Its a great show, the weather forecast sounds fine. I just finished loading my car, Ill be on the road at 7:00AM Thursday.


----------



## zeeprogrammer (Jan 17, 2010)

Went to the show! My first time.

First the apologies...I was not prepared. I should have made a list from this thread of the people who said they were going so I could have remembered the names. As it was, I only found Tin Falcon (because I'd met him before) and I met 'ironman 64'? (Trying to find you on the forum but I'm thinking I may have the name wrong?) I think there were two other vendors booths I didn't realize were HMEM members until I went through this thread this morning. And I wish I'd caught up with you others.

I should also have taken along my little voice recorder (or posted this when I got back when everything was more fresh.) I've posted most of the pictures I took...but I have no details.

Some of the pictures are duplicates because I couldn't tell how good the pic was. My new glasses are not right. :- Some of the pics are just to remind me of an idea.

I thought there would be nametags and was planning to use that to identify myself. But there were none...so this is what I had...







The 'Z' button was from a project named 'ZT' at work. No relationship to me. ;D
The M&M man was also a pin from work from the makers. Now that I found it...you (Dean et.al.) can expect to see it in more pictures.

The following should link to the album if you want to see the pics...
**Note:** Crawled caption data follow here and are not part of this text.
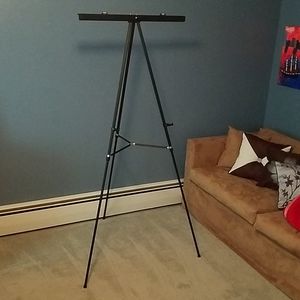 Tripod Display Easel Adjustable 60" x 28"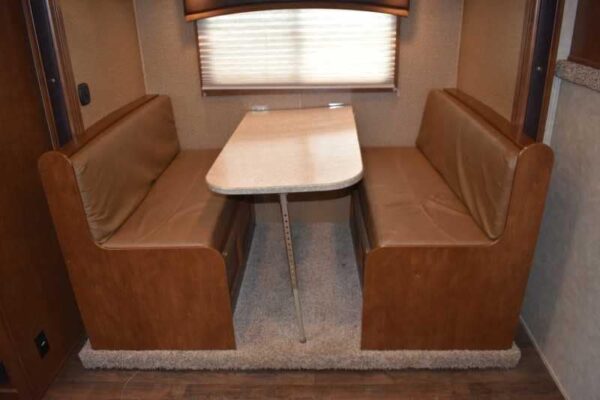 2015 Bison Ranger 3LQ Horse Trailer with 10′ Short Wall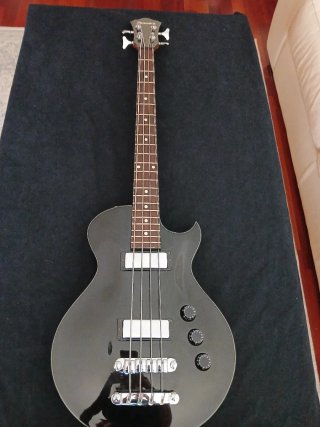 Bajo Ibanez Reedición 71 Escala Corta. Les Paul.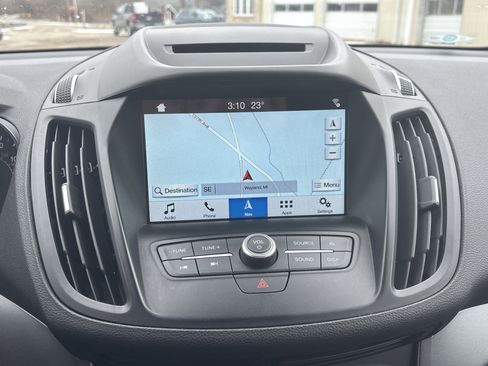 Used 2018 Ford Escape SEL image 4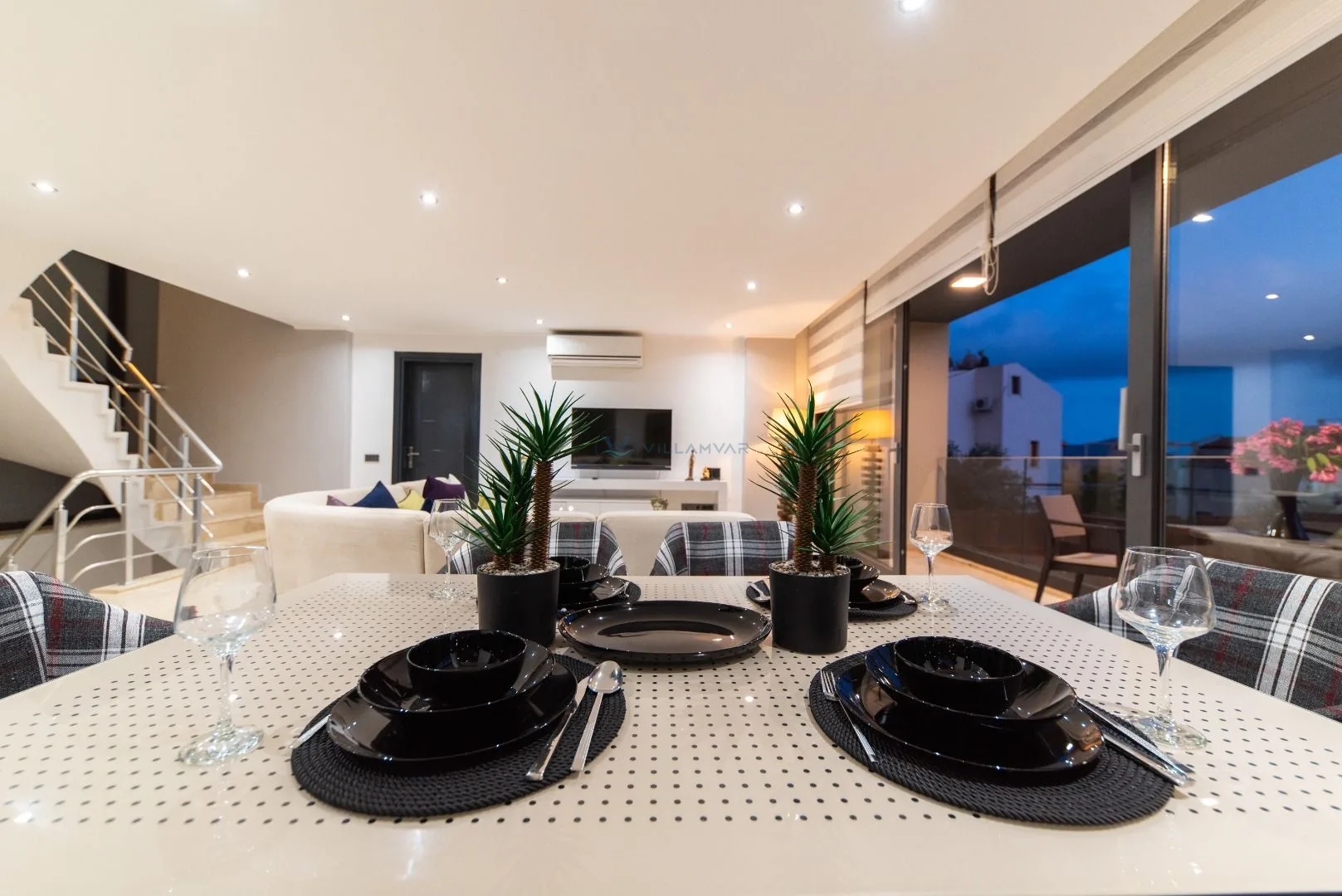 Villa City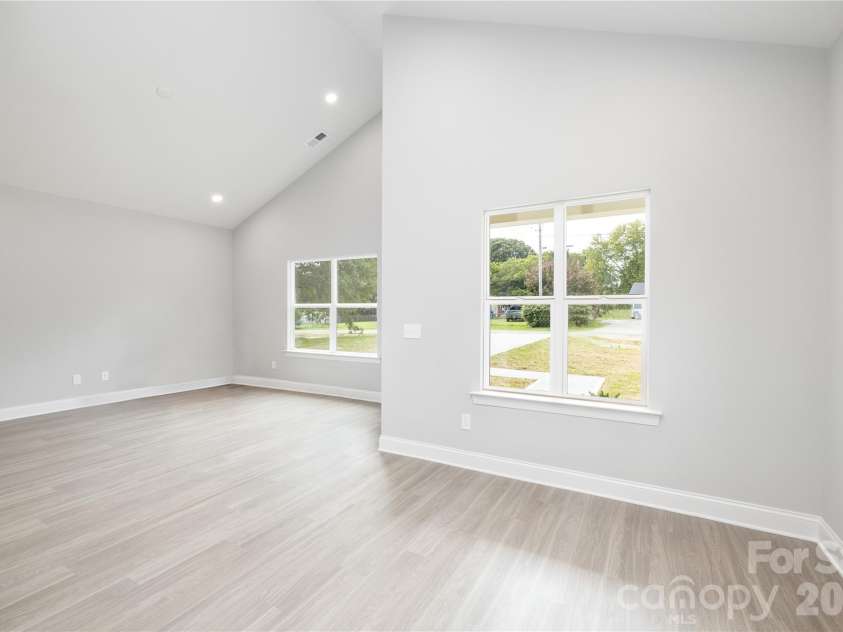 6625 Tracy Avenue, Charlotte, NC 28214.  MLS# CAR4370594, YatesRealty ID 19101. Representation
http://i605.photobucket.com/albums/tt139/zeeprogrammer/Cabin Fever 14

So anyway...it was a great show. I had no idea it or the hobby was that big. The place was packed. I saw several of the exhibitions that have been mentioned in the past in the forum. The engines were wonderful. I loved the trains. Being able to see boats and ships move around I think is a big draw too.

A big thank you to all the exhibitors.


----------



## Powder keg (Jan 17, 2010)

Thanks for posting those Z!!!


----------



## GailInNM (Jan 17, 2010)

Thanks for the photos Zee.
I always have had mixed emotions when I come back from a show.

Inspiration, admiration, and lots of fresh ideas.

Feelings of disgust and inadequacy and humility when applied to my own work.

And the wonderful feeling of "I am not alone" with all the people who share my dreams. 

Thanks again.
Gail in NM


----------



## cfellows (Jan 17, 2010)

Thanks for taking the time to shoot and post these pics, Z. I always enjoy seeing other people's work.

Chuck


----------



## Quickj (Jan 17, 2010)

Zee,
I am glad that you were able to make it to Cabin Fever, And thank you for the pictures. 

I suspect that you found the whole experiance somewhat overwhelming with everything there is to look at, study, photograph, measure, etc. I also suspect that it was totally awesome for you, and now that you know what to expect, it will go on your calendar for every year.

Did you buy anything? Kits, plans, books, tools, anything.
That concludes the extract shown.